§ Work instructions: The exercise calls for the lines from the one containing "Phong độ gần đây Manchester City" to the end of the data below to be output exactly, pictures excluded.

Web page caption snippets:
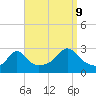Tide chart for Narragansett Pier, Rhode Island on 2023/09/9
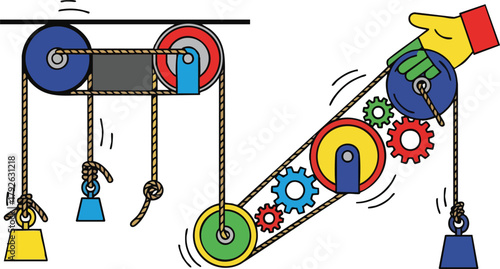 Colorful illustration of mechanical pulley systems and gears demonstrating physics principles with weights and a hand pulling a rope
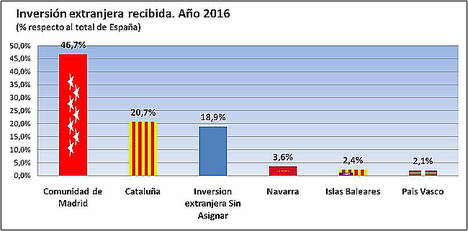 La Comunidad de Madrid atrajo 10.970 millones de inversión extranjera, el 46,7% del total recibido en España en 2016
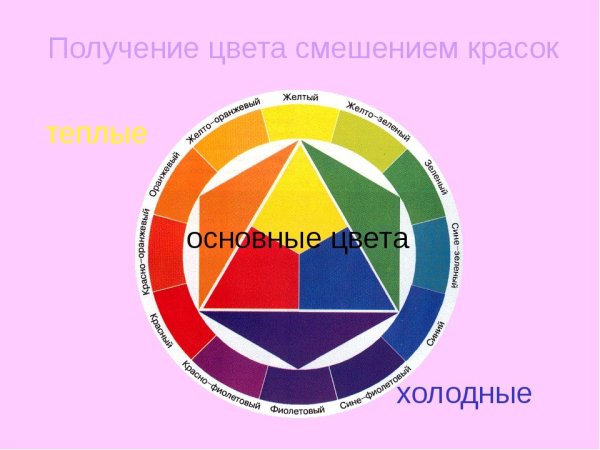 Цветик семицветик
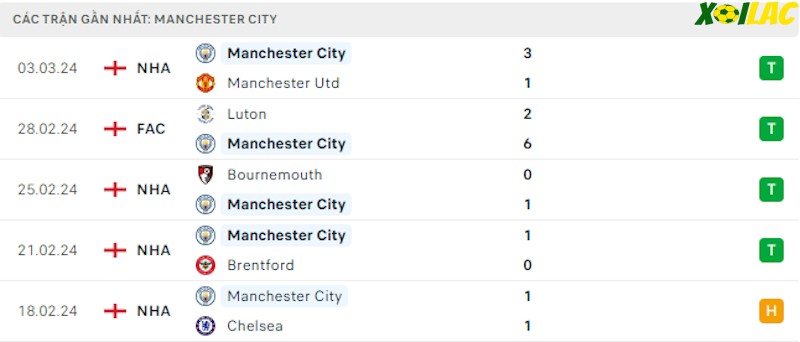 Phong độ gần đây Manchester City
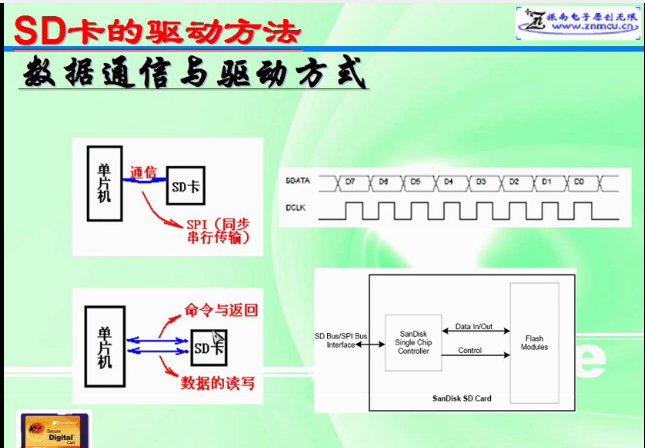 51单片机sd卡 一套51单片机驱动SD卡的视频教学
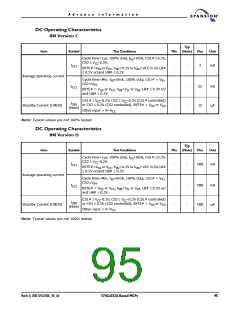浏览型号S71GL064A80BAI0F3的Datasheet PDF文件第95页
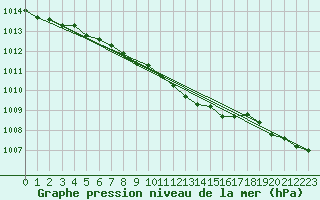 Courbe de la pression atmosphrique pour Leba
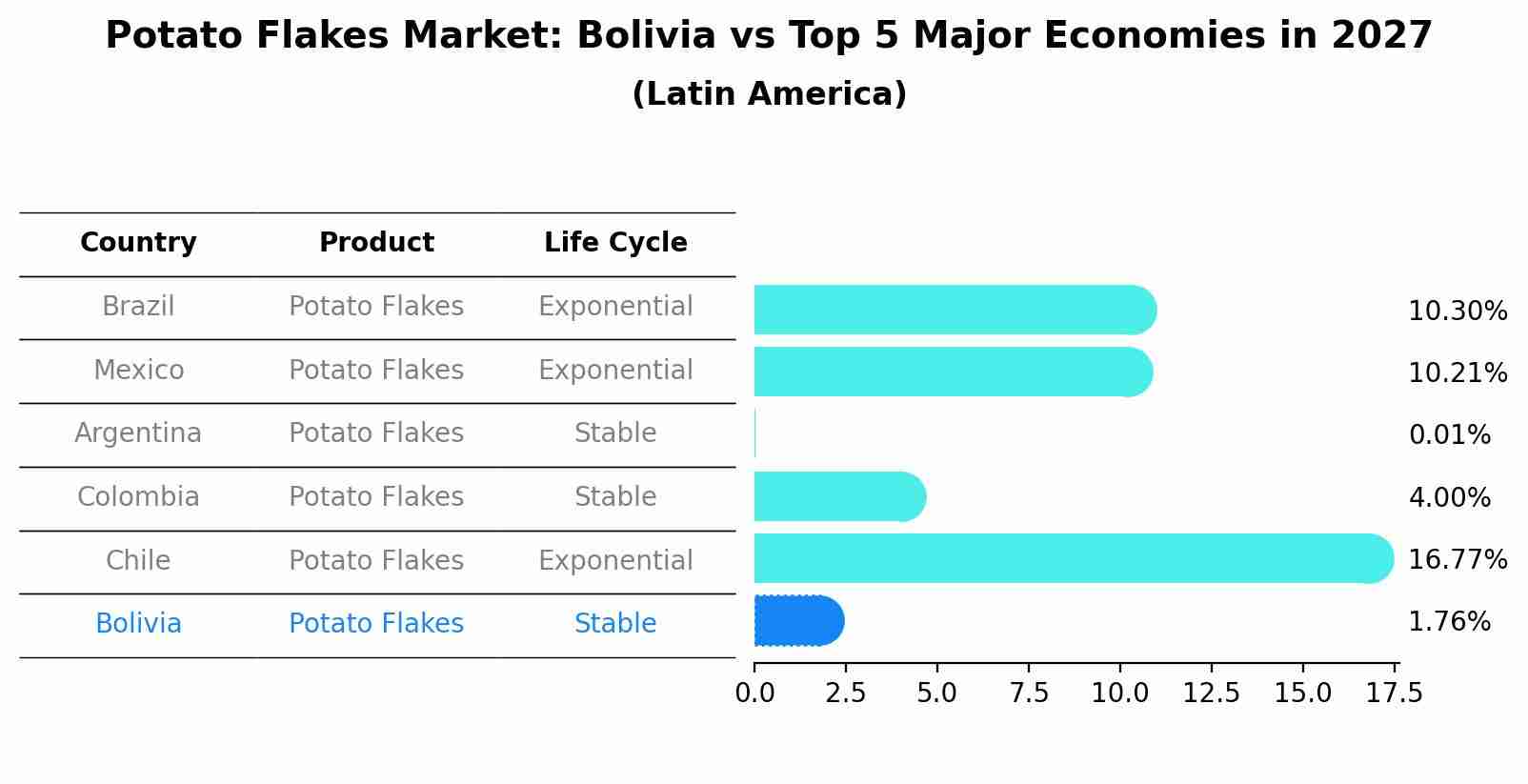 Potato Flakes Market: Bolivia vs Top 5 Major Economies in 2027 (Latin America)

§ Solution:
 Phong độ gần đây Manchester City
 51单片机sd卡 一套51单片机驱动SD卡的视频教学
浏览型号S71GL064A80BAI0F3的Datasheet PDF文件第95页
 Courbe de la pression atmosphrique pour Leba
 Potato Flakes Market: Bolivia vs Top 5 Major Economies in 2027 (Latin America)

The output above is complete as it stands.